To make sure we know what the stakes are, Berg gives us a glimpse early on of Shah’s militia, led by improbably beautiful Taliban thug Taraq (Sammy Sheik) who becomes the default antagonist, flashing mascaraed eyes and wildly threatening fellow Afghans with all the subtlety of a pantomime villain. Good and bad Afghanis are delineated by how much they frown. What should have been the most interesting and stirring element of the story, when Luttrell is found and aided by a village of anti-Taliban Afghans, thus introducing us to the lay of the divided land and the curious values of the people whose freedom is supposedly being fought for, is reduced to a cursory action finale as good Afghan guy Gulab (Ali Suliman) faces down evil Afghan guy whilst Luttrell is helped to fight off the enemy by a cute kid. Revealingly, Berg never bothers to subtitle the Afghans until they’re arguing over Marky Mark’s fate. Some would undoubtedly argue that Lone Survivor avoids ideology in preference for immersive realism and mere admiration for the grit of these guys. But truth be told, every inch of the film is drenched in dull-witted chauvinism and facile truthfulness. Perhaps its biggest impact on me, indeed, was to make me question, as a whole, a fascinating and increasingly common phenomenon in modern film (one that preceded it, clearly, in modern publishing): the insistence on ripped-from-the-headlines veracity, an aspect that is used not to investigate events more deeply but to gain plaudits without having to dig deeply at all. 
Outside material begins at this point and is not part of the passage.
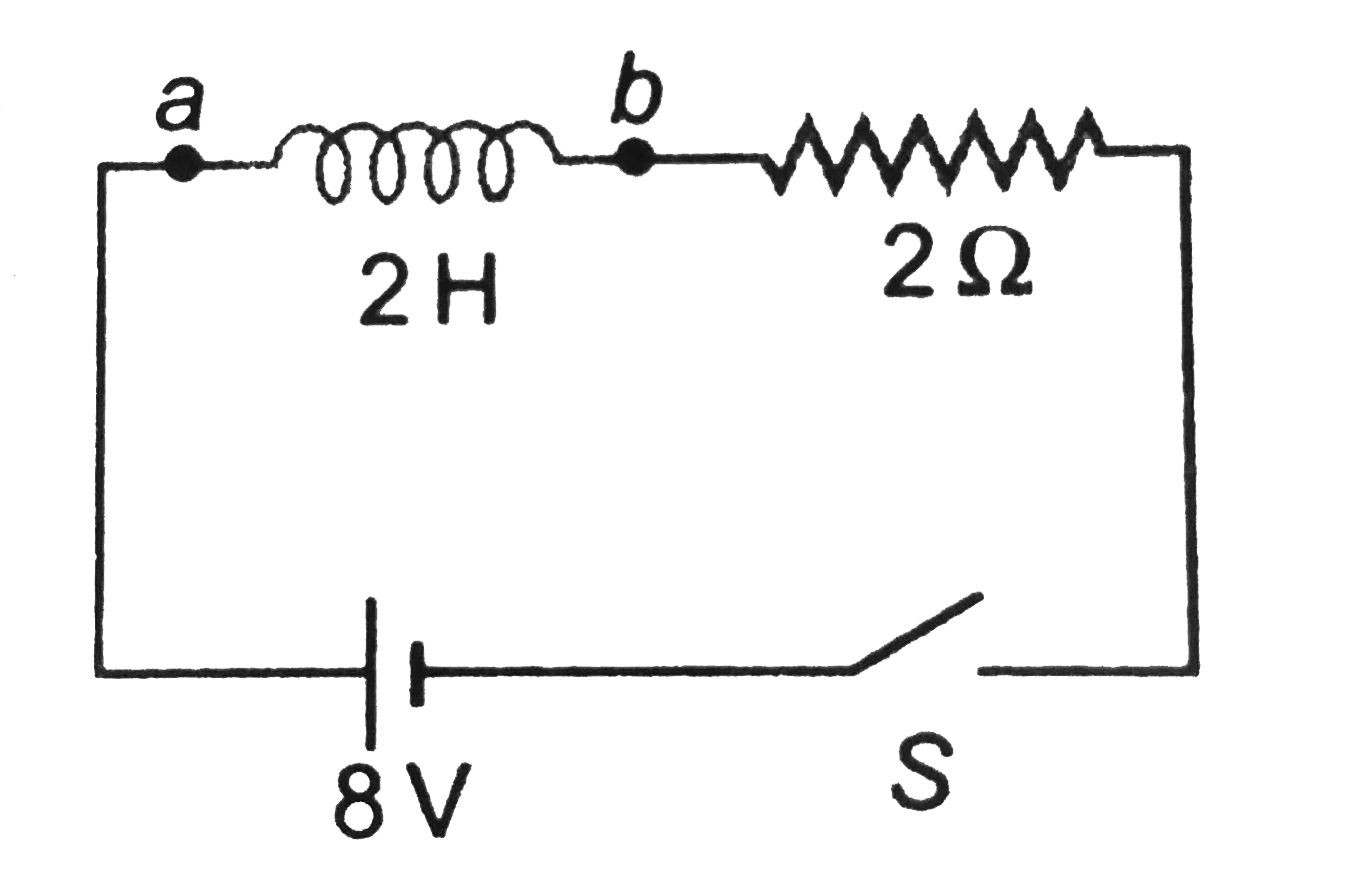 In the circuit shown in figure, circuit is closed at time t=0. At time t=ln(2) second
Bigelow got in some hot water for Zero Dark Thirty’s detached perspective on War on Terror exigencies before its release. Whilst that controversy was overblown, it did stem from the problem of this true-life parasitism, which is too often used as its own defence, a warding off of real questions and informed perspectives whilst annexing immediate problems for borrowed gravitas. The impressive but similarly, faux-detached Captain Phillips evokes the same problem, able to skip around the ethical problems by presenting the anecdote as if saying to the audience, “pretend this is you – what would you do?” Lone Survivor is greatly inferior to either of those films, much less abashed in cloaking its shallow filmmaking and audience manipulation in the flag of authenticity. Lone Survivor culminates in a rah-rah race of the cavalry coming to the rescue as Luttrell’s Afghani protector is dragged out to have an arm hacked off in scenes that could have been clipped out of that paragon of docu-drama realism, Rambo III (1989). Whereas a filmmaker like Fuller, who had been in war and knew what it was about, would have invented a tale to bear the weight of his insight into it, Berg both exploits and hides behind the niceties of such a story, reducing real people to shallow placards and their situation to hooray-for-us schlock. The actors aren’t well-served by their dialogue or the stick-thin characterisations. Eric Bana, light years from his early satirical comedy work, makes semi-random, glowering appearances as the SEAL commander Erik Kristensen, who makes an ill-fated attempt to rescue them. Berg has the gall to wrap up the film with a lengthy sequence showing the real avatars for the protagonists, actual, brave people who fought and died so Berg could lend his tacky little Oscar bait war film the patina of true grit.